— Task to carry out —
Could you reproduce, word for word, everything below from the line containing "DreamBid. Zdjęcie 13." down to the line containing "Plaquettes de frein Dual Carbone SBS - 901DC", with both of those lines included and no others?

— Material provided —
◇ ◇ ◇ ◇ ◇ ◇ ◇
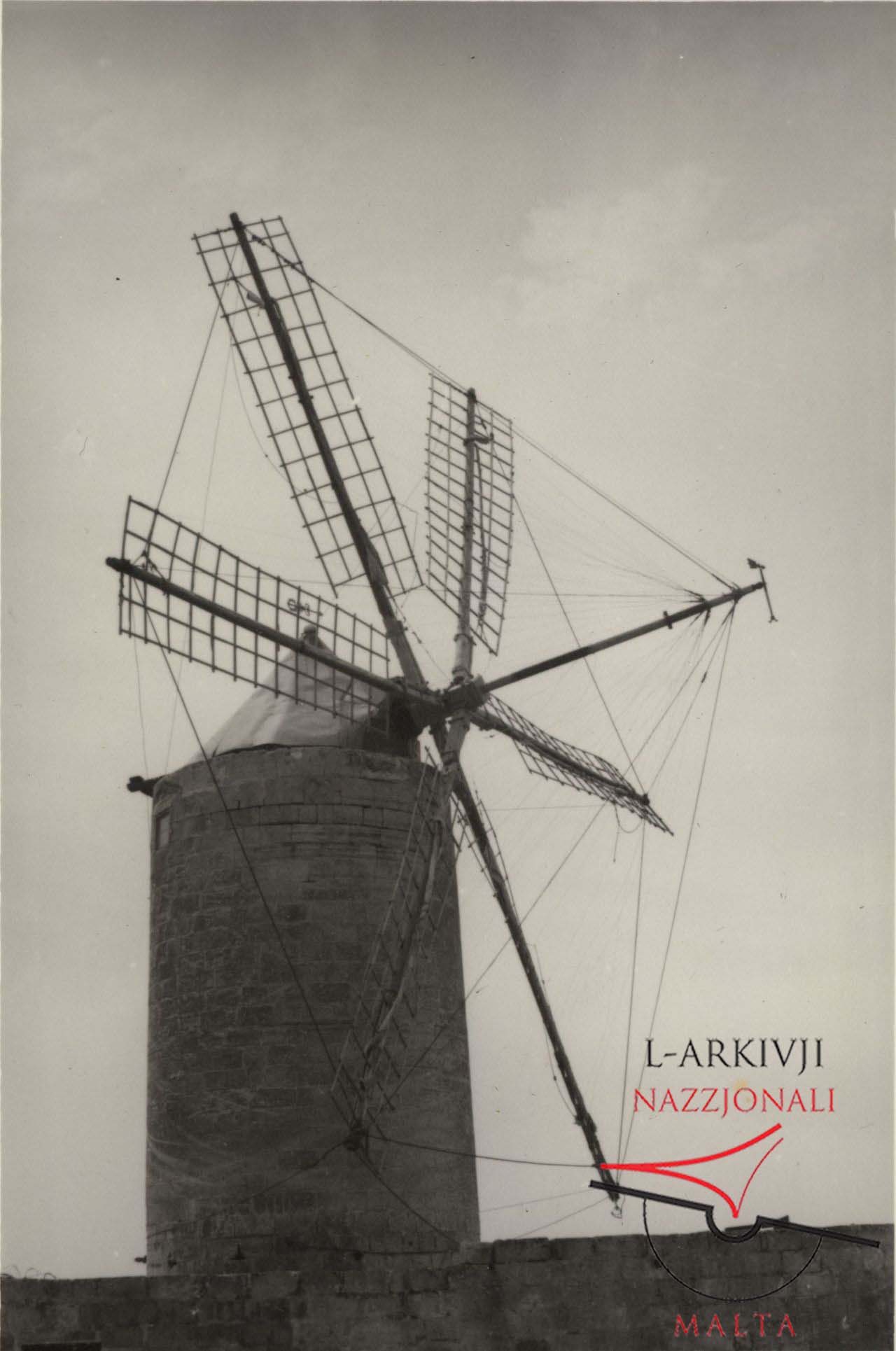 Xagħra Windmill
◇ ◇ ◇ ◇ ◇ ◇ ◇
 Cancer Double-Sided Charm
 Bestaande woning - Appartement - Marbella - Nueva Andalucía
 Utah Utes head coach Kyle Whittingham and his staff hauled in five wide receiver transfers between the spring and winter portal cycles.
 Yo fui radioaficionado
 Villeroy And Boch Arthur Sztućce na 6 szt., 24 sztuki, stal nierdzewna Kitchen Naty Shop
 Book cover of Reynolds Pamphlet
◇ ◇ ◇ ◇ ◇ ◇ ◇
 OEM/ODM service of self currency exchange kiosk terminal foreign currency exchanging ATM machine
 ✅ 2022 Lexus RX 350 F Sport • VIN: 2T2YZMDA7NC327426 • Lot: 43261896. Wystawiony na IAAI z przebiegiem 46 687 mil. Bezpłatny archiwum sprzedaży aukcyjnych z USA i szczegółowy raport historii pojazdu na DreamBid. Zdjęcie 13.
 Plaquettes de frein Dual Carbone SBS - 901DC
◇ ◇ ◇ ◇ ◇ ◇ ◇
— Your solution —
 ✅ 2022 Lexus RX 350 F Sport • VIN: 2T2YZMDA7NC327426 • Lot: 43261896. Wystawiony na IAAI z przebiegiem 46 687 mil. Bezpłatny archiwum sprzedaży aukcyjnych z USA i szczegółowy raport historii pojazdu na DreamBid. Zdjęcie 13.
 Plaquettes de frein Dual Carbone SBS - 901DC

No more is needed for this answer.